文献检索，用中文搜 PubMed

BACKGROUND

Identification of functional elements of a genome often requires dividing a sequence of measurements along a genome into segments where adjacent segments have different properties, such as different mean values. Despite dozens of algorithms developed to address this problem in genomics research, methods with improved accuracy and speed are still needed to effectively tackle both existing and emerging genomic and epigenomic segmentation problems.

RESULTS

We designed an efficient algorithm, called iSeg, for segmentation of genomic and epigenomic profiles. iSeg first utilizes dynamic programming to identify candidate segments and test for significance. It then uses a novel data structure based on two coupled balanced binary trees to detect overlapping significant segments and update them simultaneously during searching and refinement stages. Refinement and merging of significant segments are performed at the end to generate the final set of segments. By using an objective function based on the p-values of the segments, the algorithm can serve as a general computational framework to be combined with different assumptions on the distributions of the data. As a general segmentation method, it can segment different types of genomic and epigenomic data, such as DNA copy number variation, nucleosome occupancy, nuclease sensitivity, and differential nuclease sensitivity data.
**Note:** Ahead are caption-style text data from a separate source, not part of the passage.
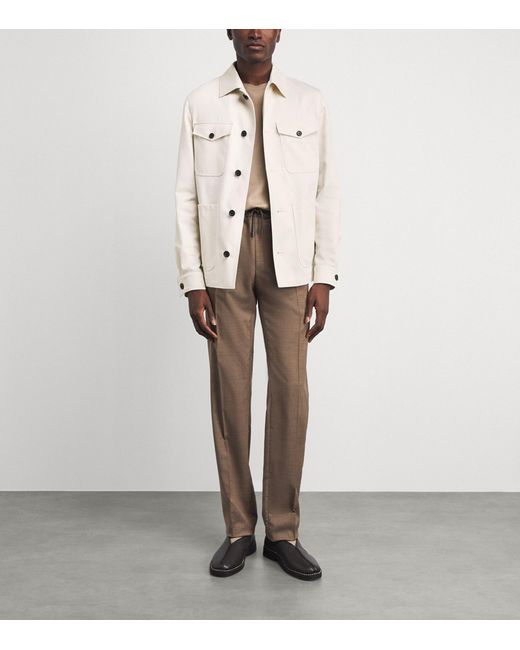 Corneliani White Cotton-Cashmere Overshirt for men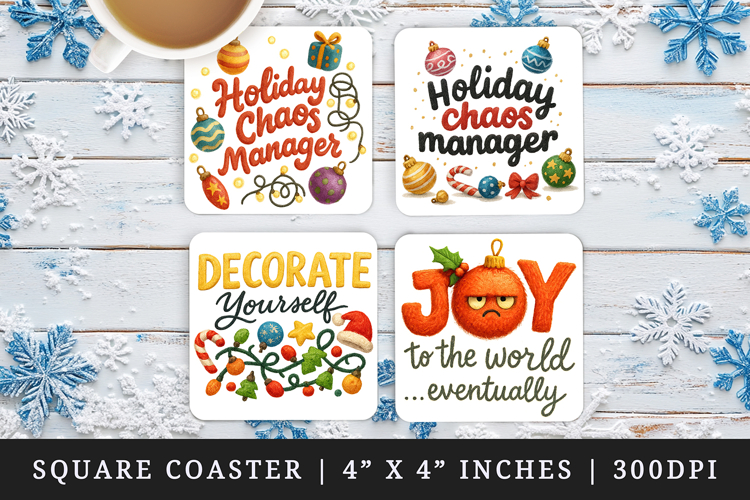 Funny Christmas square coaster sublimation, coasters design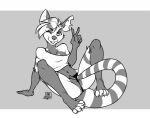  anthro clothed clothing didelphid digital_media_(artwork) feet female fur genitals hair inktiger looking_at_viewer mammal marsupial monochrome opal_(nicnak044) paws pinup pose pussy simple_background smile solo teeth toes 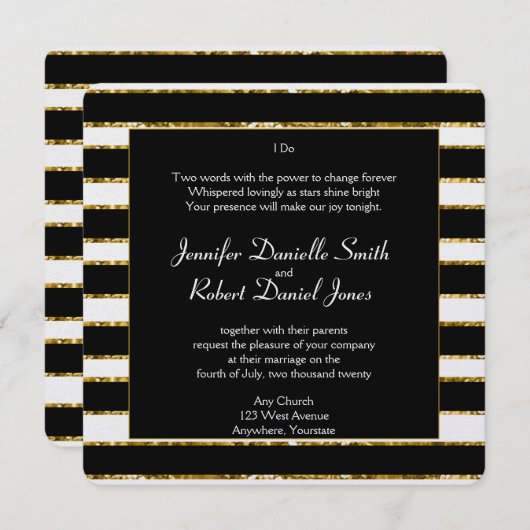 白黒及び金ゴールドグリッター結婚の 招待状 (正面/裏面)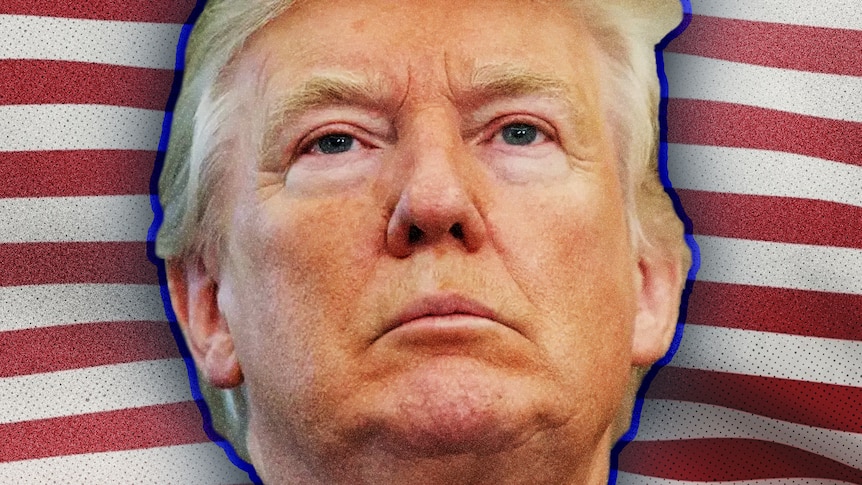 Donald Trump's face pictured against a backdrop of red and white horizonal stripes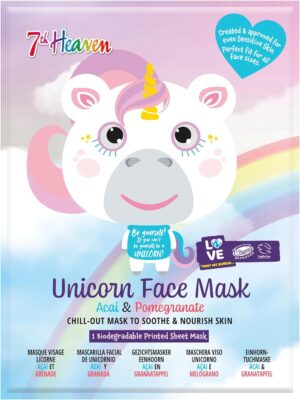 Maschera viso idratante unicorno Acai e Melograno Uragme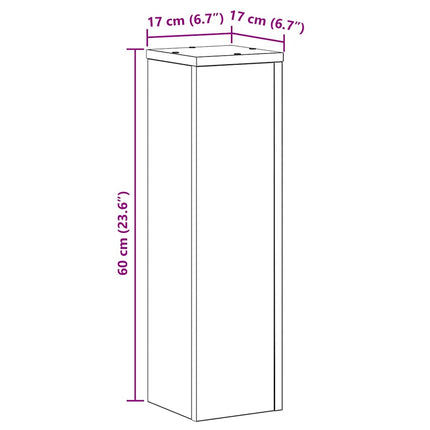 Växtställ 2 pcs Svart Ek 17 x 17 x 60 cm Konstruerat trä
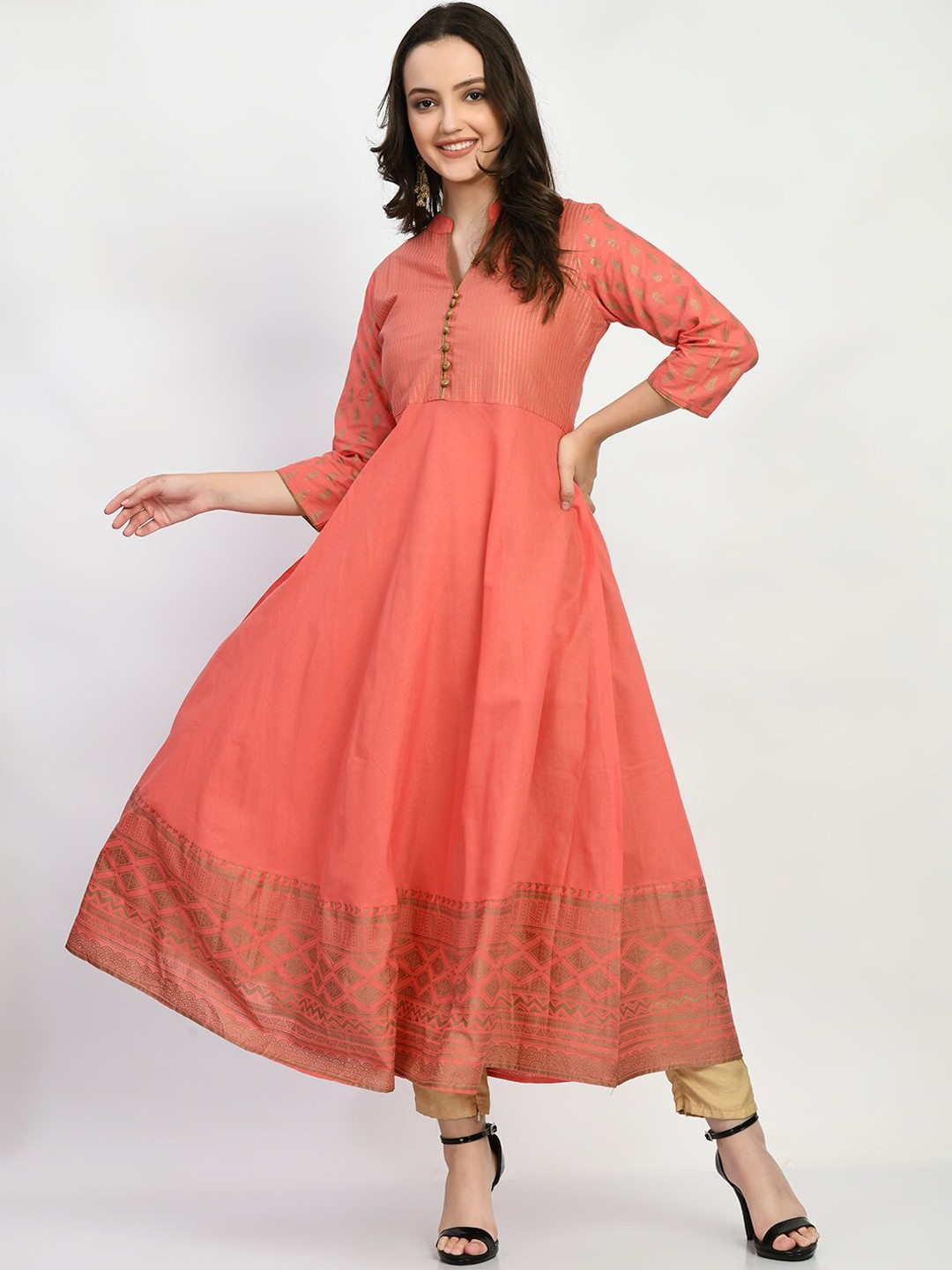 

RIYA Geometric Printed Mandarin Collar Anarkali Kurta, Peach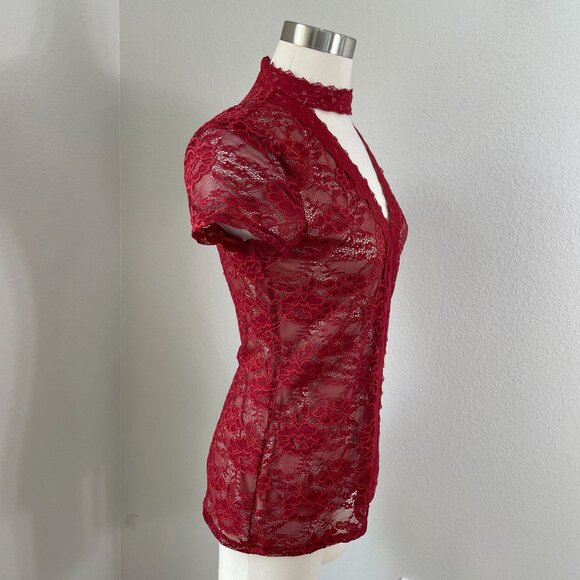 Express Womens Small Red Lace Choker Neck Short Sleeve Top Blouse Shirt - Picture 6 of 12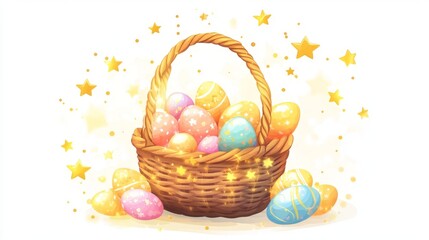 Whimsical Easter Basket under Starry Night Sky - Cartoon Style Illustration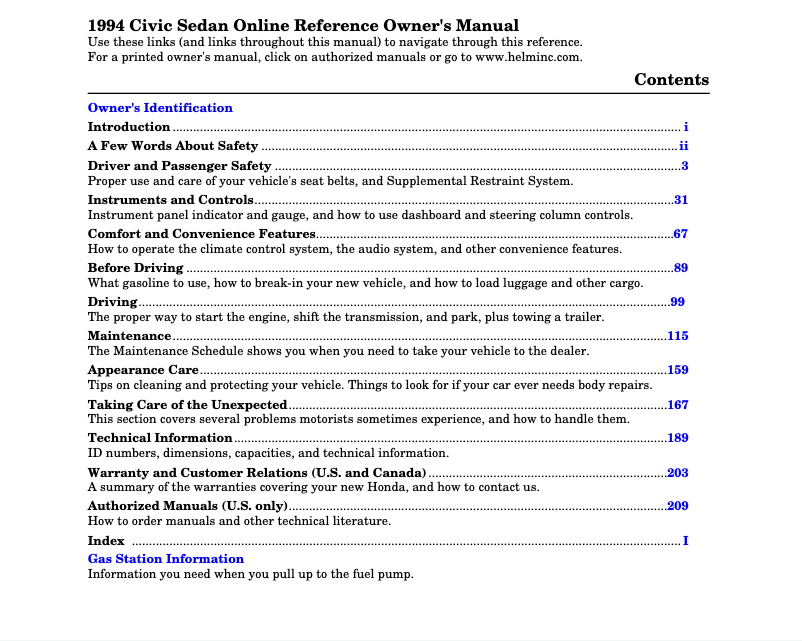 Página 1 del manual Manual de usuario Honda Civic (1994)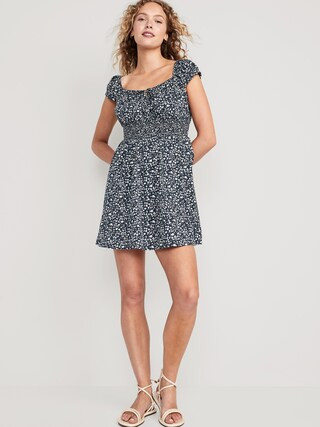 Waist-Defined Floral Mini Dress for Women | Old Navy (US)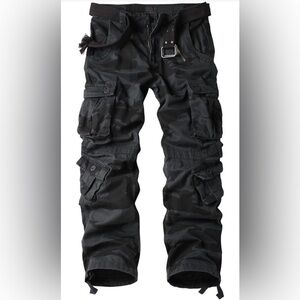 Men’s Black Camo Cargo Size 40-Fleece-Lined, 8 Pockets, Stylish Utility Fit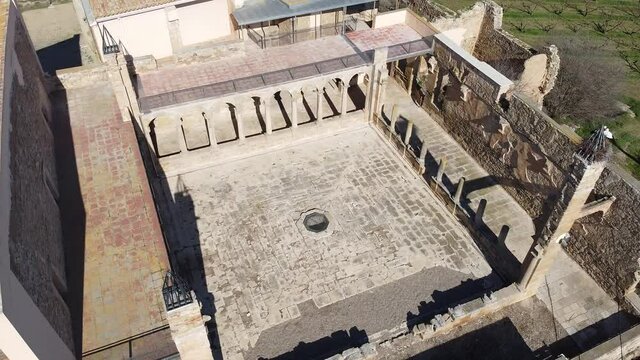 Top view of the monastery of Our Lady of Angels. Catalonia. Spain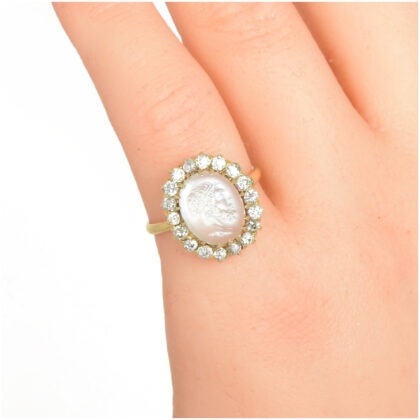 Antique Carved Moonstone Cameo & Diamond Ring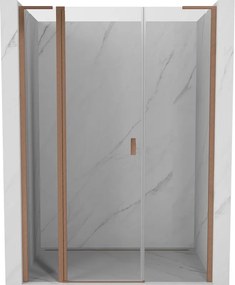 Mexen, Mexen Mist L Otočné sprchové dvere 150 cm, transparentné, brúsená meď - 8A4L-150-001-65-00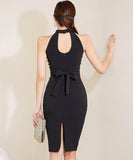 膝丈ドレス キャバドレス セクシー エレガント 気質 リボン XH2-ZED880909E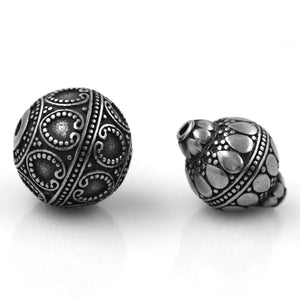 Vintage Stainless Steel Big Ball Beads DIY Charms for Jewelry Making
Using simple t-tests to compute p-values across multiple datasets of different types, we evaluate iSeg using both simulated and experimental datasets and show that it performs satisfactorily when compared with some other popular methods, which often employ more sophisticated statistical models. Implemented in C++, iSeg is also very computationally efficient, well suited for large numbers of input profiles and data with very long sequences.

CONCLUSIONS

We have developed an efficient general-purpose segmentation tool and showed that it had comparable or more accurate results than many of the most popular segment-calling algorithms used in contemporary genomic data analysis. iSeg is capable of analyzing datasets that have both positive and negative values. Tunable parameters allow users to readily adjust the statistical stringency to best match the biological nature of individual datasets, including widely or sparsely mapped genomic datasets or those with non-normal distributions.

BACKGROUND

RESULTS

CONCLUSIONS

背景

识别基因组的功能元素通常需要将基因组上的测量序列划分为具有不同属性的片段，例如不同的平均值。尽管在基因组学研究中已经开发了数十种算法来解决这个问题，但仍需要更精确和快速的方法来有效地解决现有的和新兴的基因组和表观基因组分割问题。

结果

我们设计了一种名为 iSeg 的高效算法，用于基因组和表观基因组谱的分割。iSeg 首先利用动态规划来识别候选片段并测试其显著性。然后，它使用一种基于两个耦合平衡二叉树的数据结构来检测重叠的显著片段，并在搜索和细化阶段同时更新它们。最后，对显著片段进行细化和合并，以生成最终的片段集。通过使用基于片段 p 值的目标函数，该算法可以作为一个通用的计算框架，与数据分布的不同假设相结合。作为一种通用的分割方法，它可以分割不同类型的基因组和表观基因组数据，如 DNA 拷贝数变异、核小体占有率、核酸酶敏感性和差异核酸酶敏感性数据。我们使用简单的 t 检验来计算不同类型的多个数据集的 p 值，并用模拟数据集和实验数据集对 iSeg 进行了评估，并与一些其他常用方法进行了比较，结果表明，与一些经常使用更复杂统计模型的常用方法相比，iSeg 的性能令人满意。用 C++实现的 iSeg 也非常高效，非常适合处理大量输入的谱和具有非常长序列的数据集。